Tuesday, August 28, 2007

Blacks in the 1860 and 1870 San Jose censuses

I didn't have access to the materials in the California Room over the weekend, so I browsed through the 1860 census for the city of San Jose. I found 47 individuals listed as either black or mulatto. Did the same thing for 1870, where there were 107 black or mulatto individuals listed. From those lists, I was able to identify about a dozen early pioneer black families in San Jose. They can be tracked in the San Jose city directories, later censuses, obituaries, and other sources. Many of these families are mentioned in Negro Trailblazers. And in Pioneer Urbanites, one of the oral history informants is a descendant of the Alfred J. White family of San Jose.

Monday morning I looked up the Overton family obituaries. Sarah Massey Overton's included her photograph. Both her husband and son were officers in the Masons and the Odd Fellows, so that will be helpful when we look at black fraternal organizations.

Many of the McCall photographs were done at the local Bushnell photo studio, and Charles Overton's obituary said that he worked "for the past 38 years in the chemical department of Bushnell studio." That's a nice puzzle piece to find!
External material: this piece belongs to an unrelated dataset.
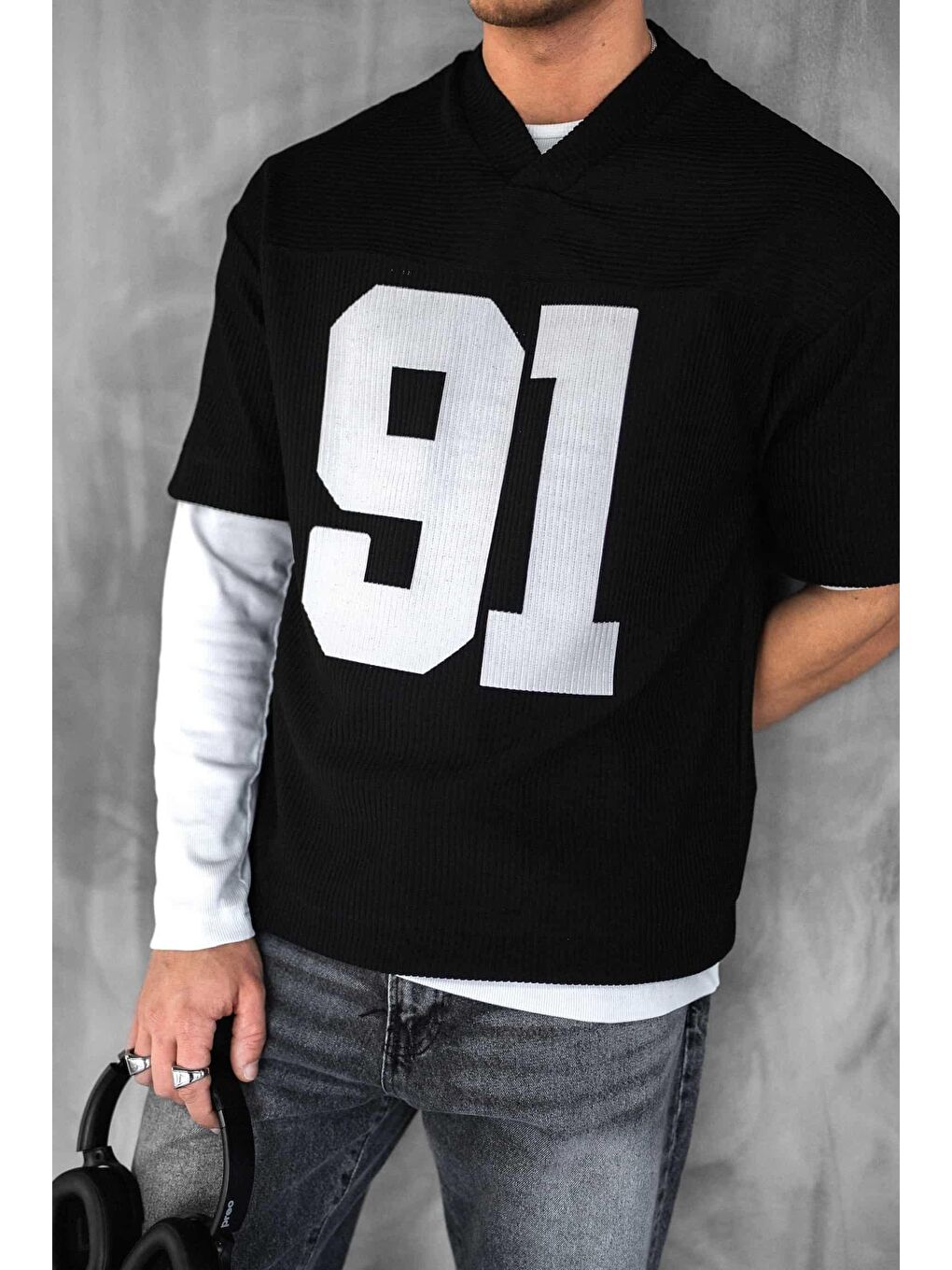 Erkek Oversize Baskılı V Yaka Forma Tişört Siyah-1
I'll see some of you at the meeting this afternoon.

Wednesday, August 22, 2007

Why a Blog...

...because when I'm doing research I constantly want to write or phone my collaborators to share what I'm finding to see how it fits their work. This can be a way to keep it all in one place: what I want to say and how you wish to respond.

Iris gave me as a first task to reconstruct the black clubwomen scene in San Jose. That appears to begin with Sarah Massey Overton and the Garden City Women's Club between 1906 and 1908. The tribute to Sarah Overton on pages 232 and 233 in Negro Trail Blazers was written in 1914 by Sarah Severance, a white woman and a fellow member of San Jose's Political Equality Club. This suffrage organization numbered among its members all the most prominent professional women of San Jose at the time (See Ten Years in Paradise, p. 75).

Concerning the McCall collection: Did we know that Sarah Overton's son Charles was a professional photographer? That's what he told the census taker between 1900 and 1930. I'll follow up more with that in his obituary and in the city directories.